監督+構成+企画:廣木隆一

1954年福島県出身。82年に『性虐!女を暴く』で監督デビュー。93年『魔王街 サディスティックシティ』でゆうばり国際冒険ファンタスティック映画祭ビデオ部門グランプリを受賞。94年、サンダンス・インスティテュートにおいて奨学金を獲得して渡米。帰国後発表した青春映画『800 TWO Lap Runners』(94)で文化庁優秀映画賞、文部大臣芸術選奨新人賞、批評家大賞、最優秀監督賞を受賞している。

その後ポップな恋愛映画『ゲレンデがとけるほど恋したい』(96)やハートボイルド作品『天使に見捨てられた夜』(99)などでその柔軟な演出手腕を発揮。『東京ゴミ女』(00)、『不貞の季節』(02)、『美脚迷路』(01)、『理髪店主のかなしみ』(03)などで、生活の隙間にある出来事を独自な視点と映像美で描き、評価を得た。

2003年には寺島しのぶを主演女優に迎えた『ヴァイブレータ』で一大センセーショナルを巻き起こし、第25回ヨコハマ映画祭・監督賞他5部門を受賞したほか、マンハイム国際映画祭、香港国際映画祭、ナント三大陸映画祭、チョンジュ国際映画祭などで数々の賞を受賞。特に第16回東京国際映画祭ではコンペティション部門にノミネートされ、寺島しのぶに優秀女優賞をもたらした。近年では『機関車先生』(04)、『ガールフレンド』(04)、『ラマン』(05)など。

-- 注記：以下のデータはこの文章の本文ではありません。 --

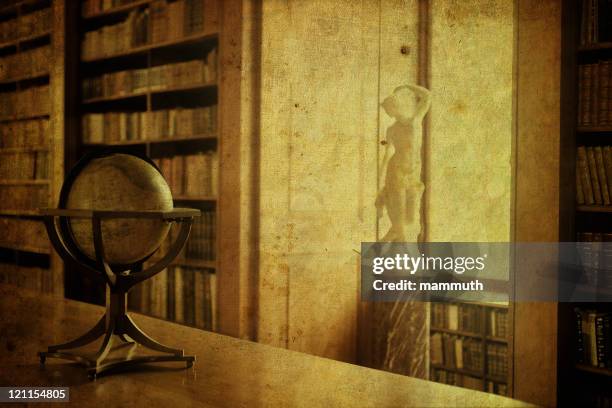 fotografía de época sobre un bibliotecario de escritorio - statue atlas fotografías e imágenes de stock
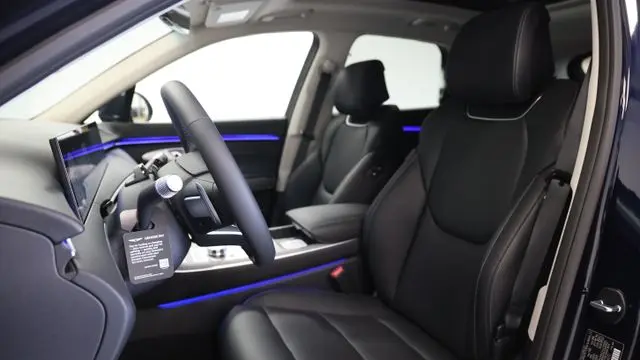 2026 Genesis GV70 2.5T Select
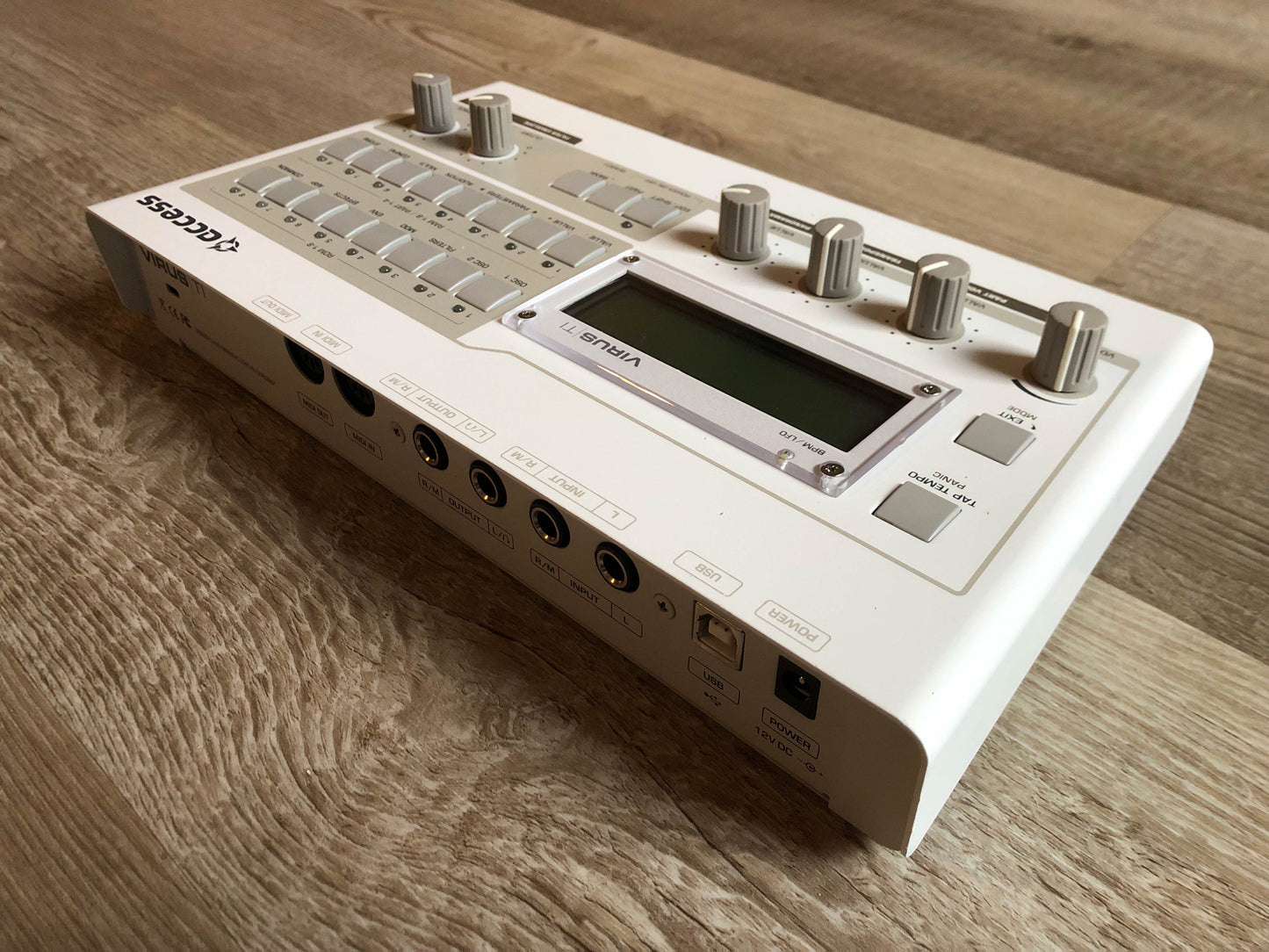 Access Virus TI Snow w/ All New Tacts, New Battery, PSU + New HQ USB Cable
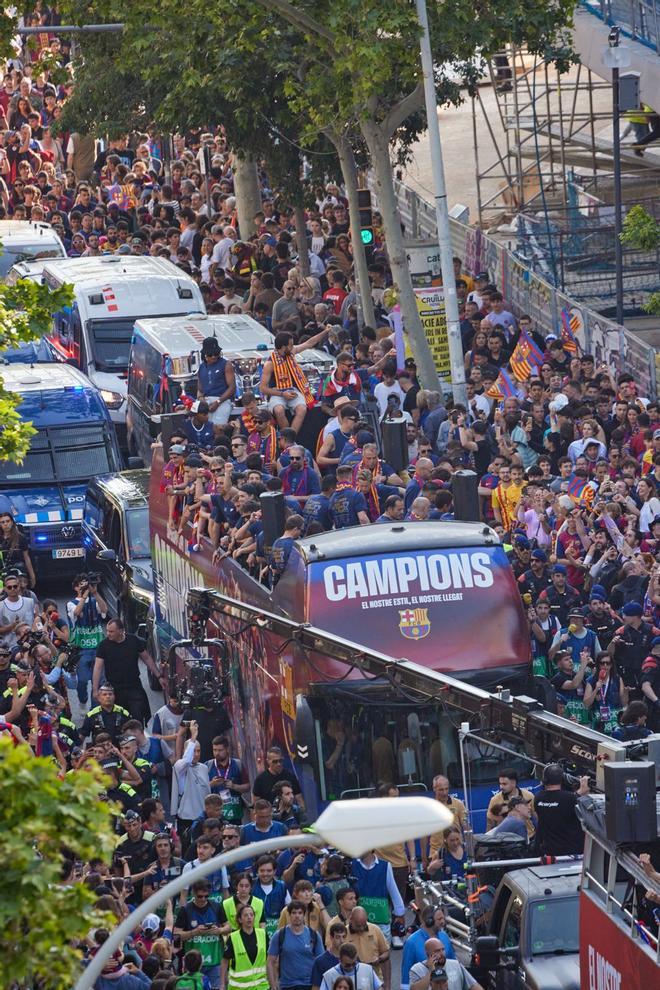 ¡De locos! Las mejores imágenes de una ciudad entregada al Barça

また、ミュージシャンとの親交も深く、ハナレグミ、スーパーバタードッグの永積タカシ、クラムボンの原田郁子、ポラリスのオオヤユウスケが活動するohanaのショートムービー『予感』の監督もつとめた。

2006年には『ヴァイブレータ』のスタッフ、キャストが再集結し製作された『やわらかい生活』が公開。シンガポール映画祭でグランプリを受賞し、TOKYOFILMEX、バルセロナ映画祭、サンダンスフィルムフェスティバル、プラハ映画祭、ドーヴィル映画祭など世界各国の映画祭で上映された。また、昨年公開された馳星周原作の『M』では、主演の高良健吾が2006年東京国際映画祭において、同作品により特別賞を受賞。『縛師 BAKUSHI』とともに2007年ロッテルダム国際映画祭に正式出品された。最新作『きみの友だち』が7月、新宿武蔵野館にてロードショー公開される。

 

企画:成田 尚哉

1951年東京都生まれ。慶応義塾大学卒業後、1975年日活株式会社に入社、曽根中生監督作品『嗚呼!!花の応援団』を企画し大ヒットを飛ばす。その他数多くのロマンポルノの企画を担当。その後(株)ニュー・センチュリー・プロデューサーズにて、相米慎二、中原俊、金子俊介、廣木隆一の作品を数多くプロデュースする。

特に1990年に制作した中原俊監督作品『桜の園』では毎日映画コンクール優秀賞、日本アカデミー優秀賞・脚本賞、ヨコハマ映画祭脚本賞、キネマ旬報脚本賞、オルレシアン映画祭グランプリ、文化庁優秀映画賞など、数多くの映画賞を受賞している。

1994年に(有)ボノボを設立。中原俊、廣木隆一、三池崇史の作品など数多くプロデュースする。2003年には制作会社(有)アルチンボルドを設立後も、ベテランから新人監督まで、多岐にわたり意欲的な作品を数多くプロデュースしている。